Late-night hosts recapped Donald Trump’s especially weird address at the annual Thanksgiving turkey pardon.
Jimmy Kimmel
On his final show before the Thanksgiving holiday, Jimmy Kimmel counted his blessings. “This year, I am most thankful that we only have five weeks left in this year,” he joked on Tuesday evening.
Meanwhile at the White House “the presidential ketchup boat is filled to the brim and ready to go.” On Tuesday, at the “freshly paved over Rose Garden”, the president presided over the annual pardon of the turkeys, “which at this point are the only thing that Trump hasn’t pardoned this year”.
The two lucky birds this year are named Gobble and Waddle, “which is what Trump does every night at dinner”, Kimmel quipped.
“Now most presidents at the turkey pardon keep it light – they do bad puns, they wish everybody a happy Thanksgiving, and they go back to work,” he continued. “But that’s not Donald Trump. Donald Trump used the opportunity to brag about all the wars he’s ending, how low his imaginary prices are now.

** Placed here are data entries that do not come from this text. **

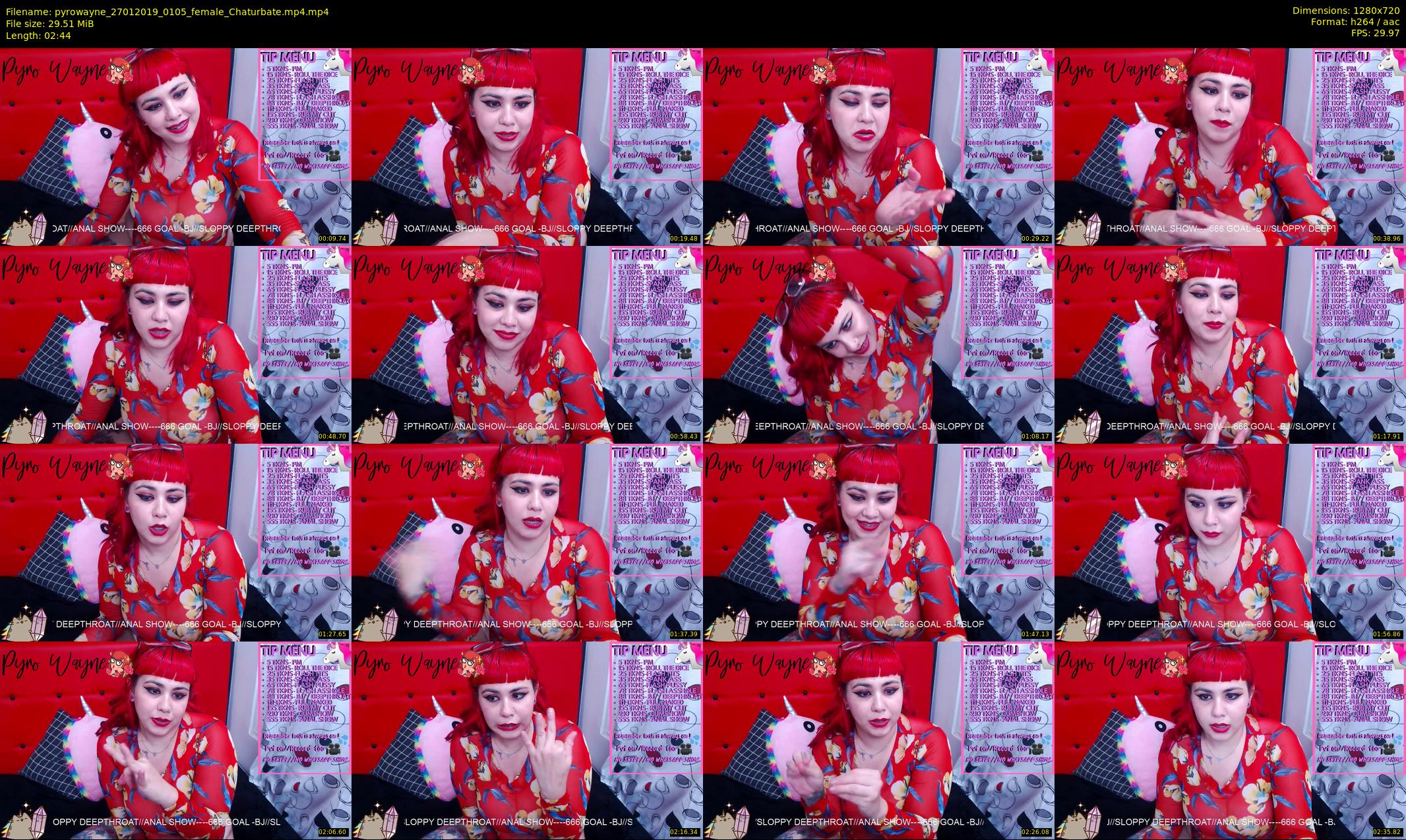 pyrowayne — 3 minute Chaturbate female cam show recording, 720p, Jan 27, 2019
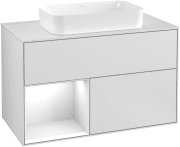 Тумба под раковину Villeroy & Boch Finion 100х50,1 см с подсветкой МДФ белый матовый лак/стекло белое матовое G241GFMT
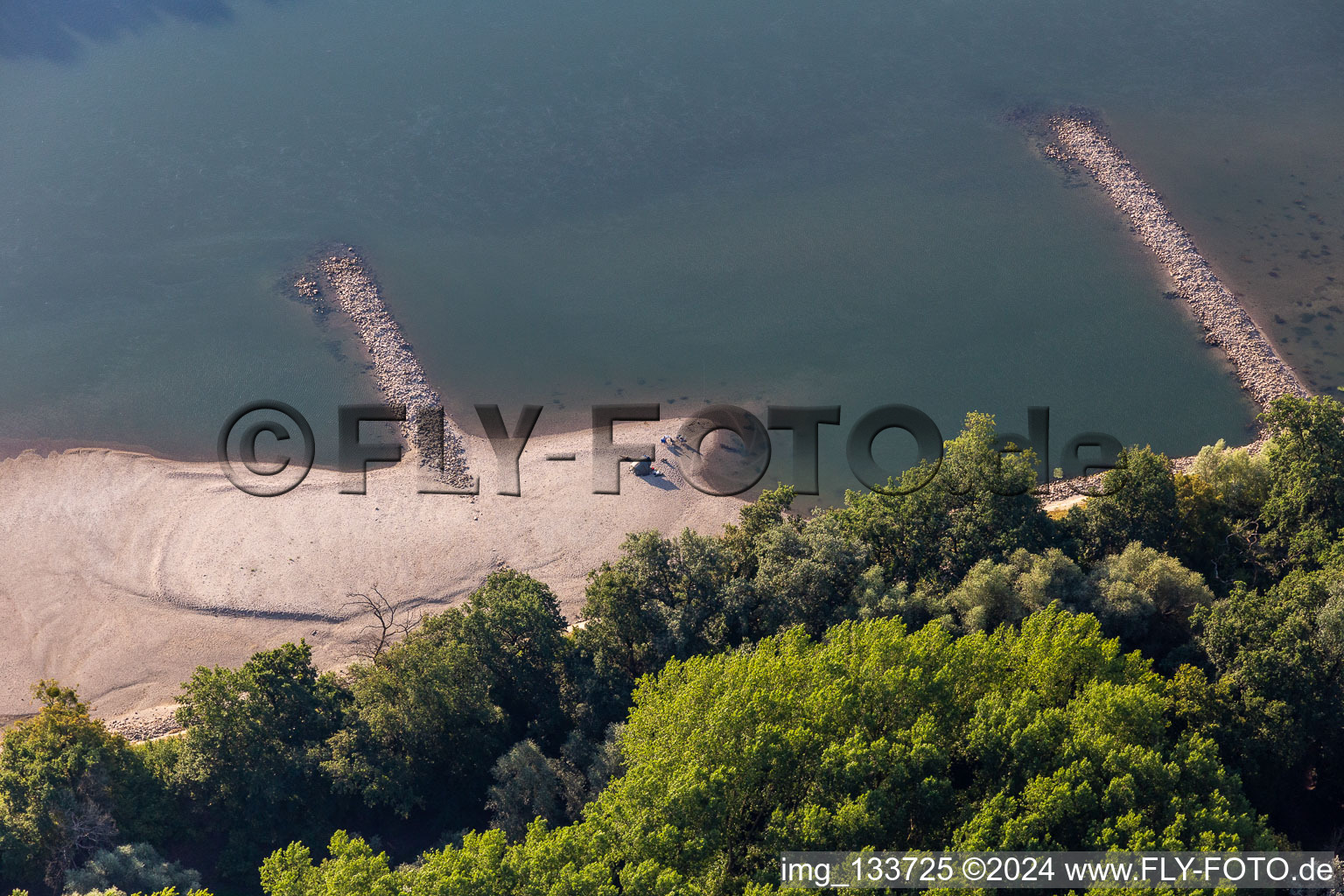 Aerial view of Dry groynes and sand banks in the Rhine due to low water in Neupotz in the state Rhineland-Palatinate, Germany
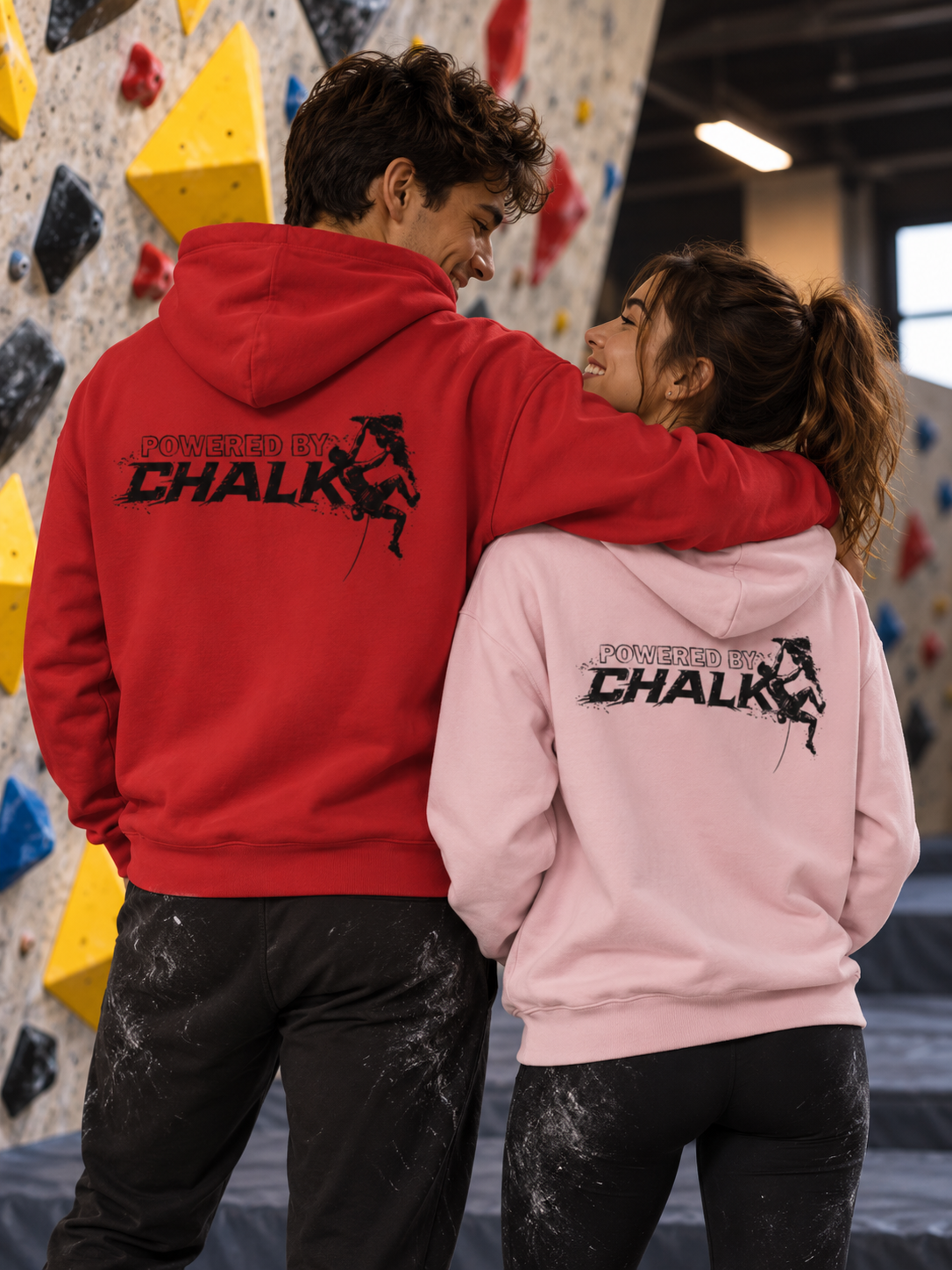 Soospiry design Sudadera rosa claro con capucha y diseño Powered by Chalk para boulder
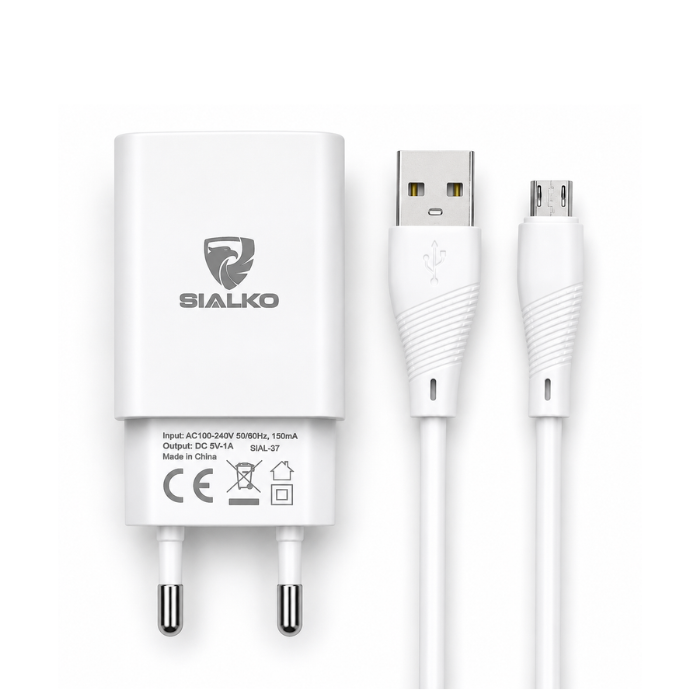 SIALKO 2.4A USB Wall Charger with Micro USB Cable, Single USB-A Fast Charging Power Adapter, EU 2-Pin Travel Charger, White (SIAL-37)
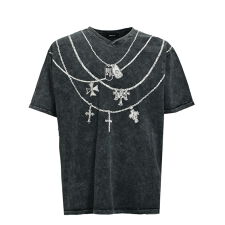NECKLACE V NECK TEE / ブラック [BR25SS-C5029]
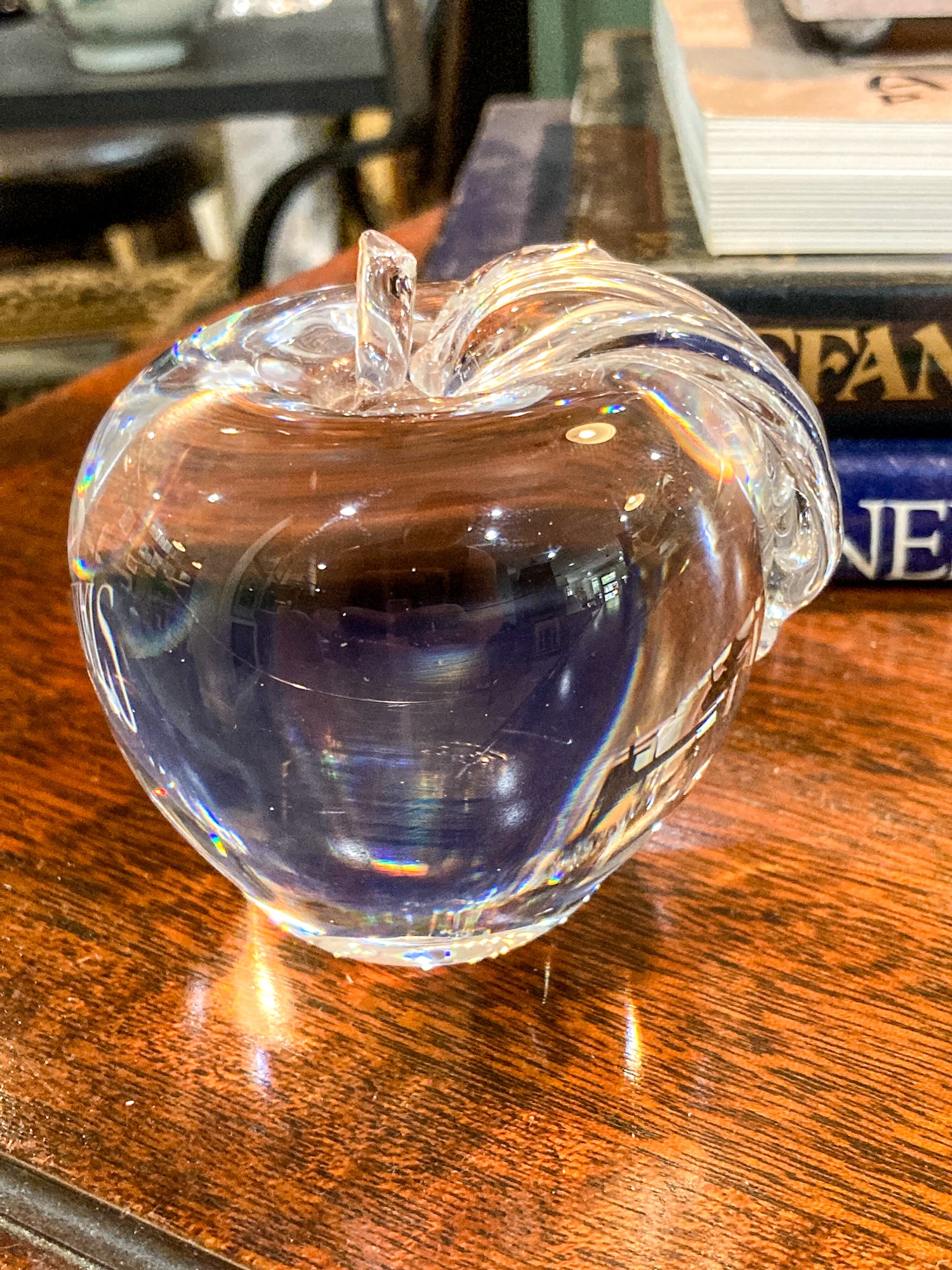 Vintage Princess House Clear Glass Apple Shaped Paperweight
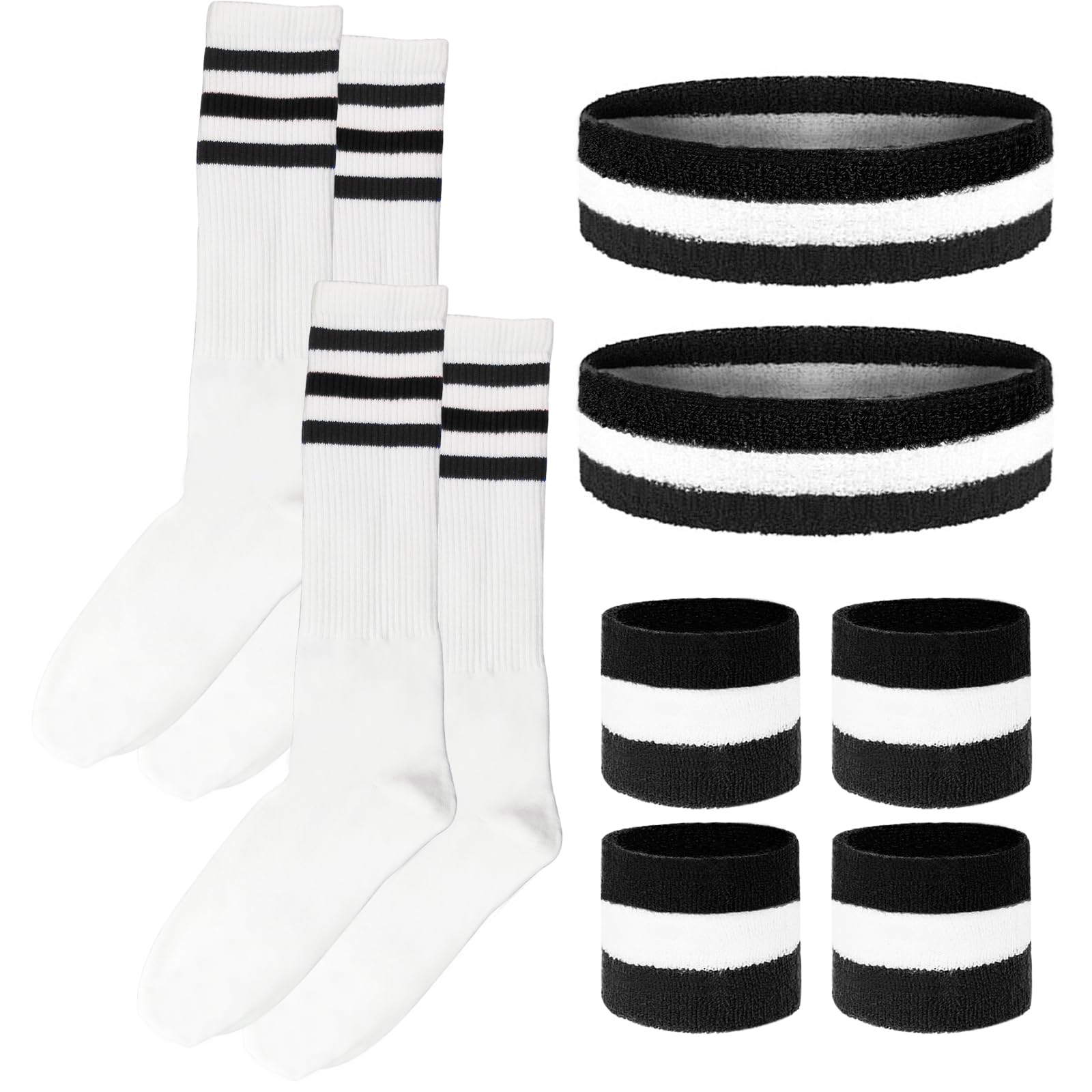 10 Pieces Striped Headbands Sweatbands and Socks Set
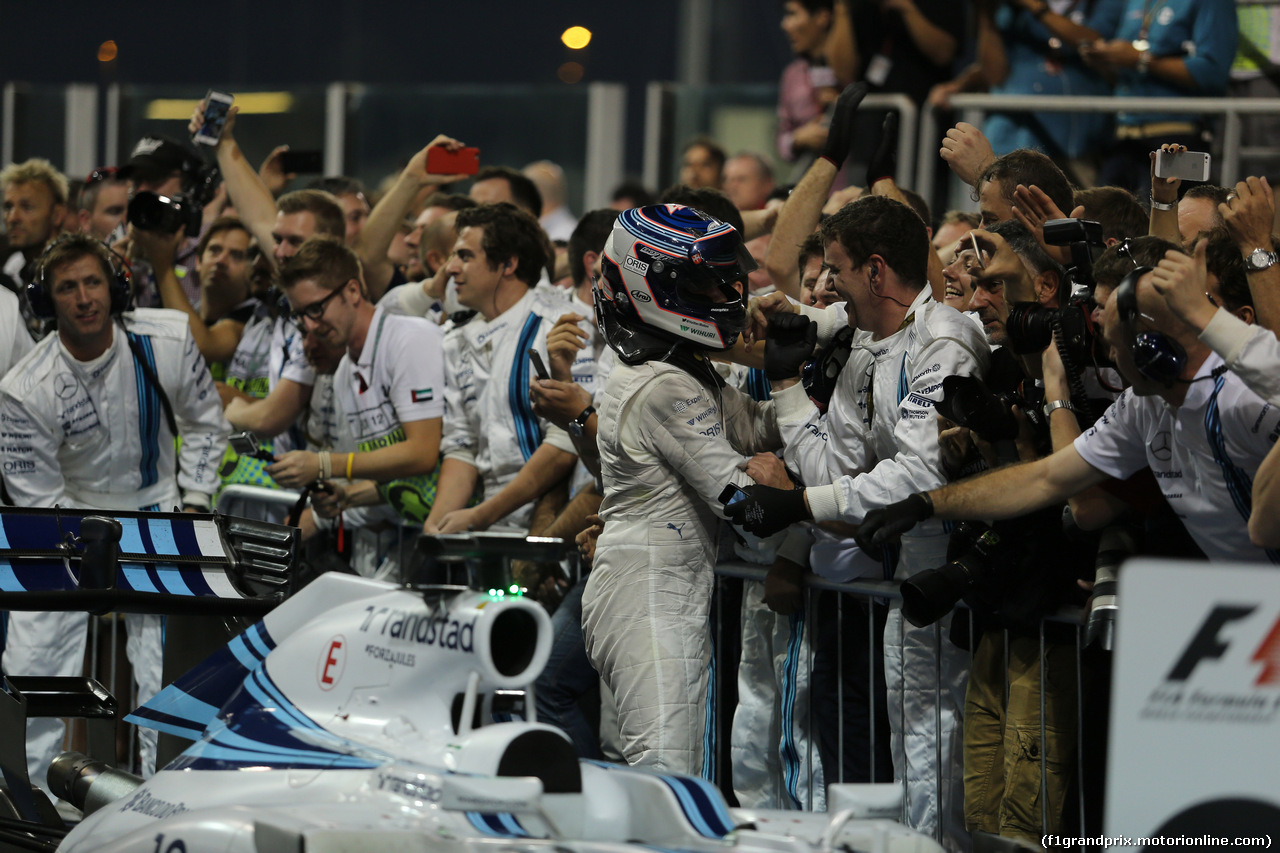 GP ABU DHABI, 23.11.2014- Gara, terzo Valtteri Bottas (FIN) Williams F1 Team FW36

“And out of nowhere, took shots at the mayor of Chicago and the governor of Illinois,” calling them, respectively, a “low-IQ person” and a “big fat slob”.
“Happy Thanksgiving, everybody!” Kimmel deadpanned. “I mean, seriously though – he says a lot of crazy stuff. In that same press conference he said there had been no murders in Washington DC in the last six months because of him,” even though, in reality, there have been 62 murders in Washington since he took office. “Which already indicates a vivid imagination,” said Kimmel. “But does he really look at himself in the mirror and go: ‘I am thin. I am so thin I can comment on others who aren’t?’”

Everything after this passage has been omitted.